### [RECORDED DATA]

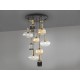 Suspensie Schuller ·Norma· Lamp 9L., Black/Brass 225090 E27 Spania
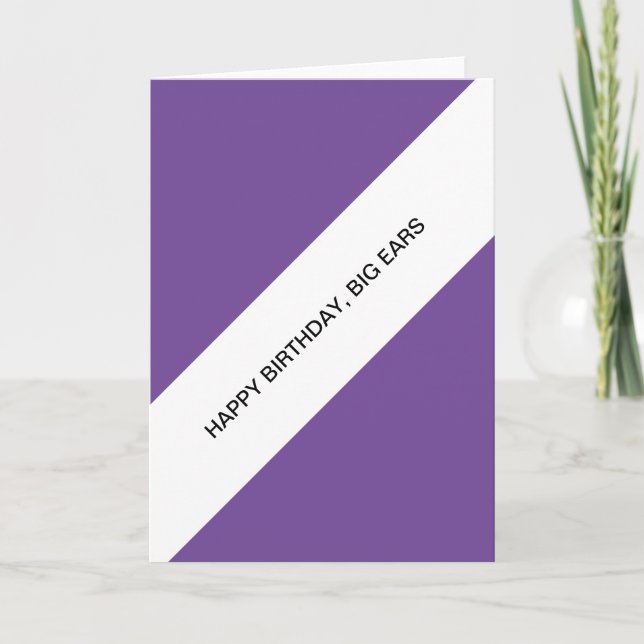 Tarjeta cumpleaños feliz, orejas grandes (Anverso)
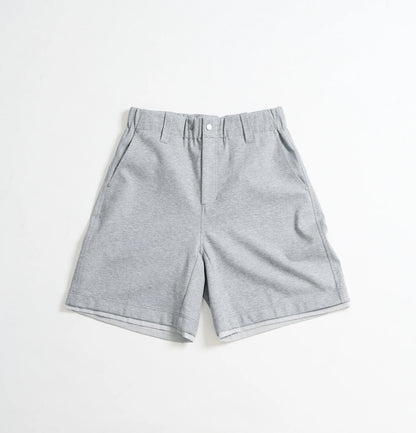 Melsign - Layered Edge Sweatshorts - Gray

### [PROBLEM REQUIREMENTS]
With images omitted, output the data exactly as given.

### [ANSWER SECTION]
 Suspensie Schuller ·Norma· Lamp 9L., Black/Brass 225090 E27 Spania
 Tarjeta cumpleaños feliz, orejas grandes (Anverso)
 Melsign - Layered Edge Sweatshorts - Gray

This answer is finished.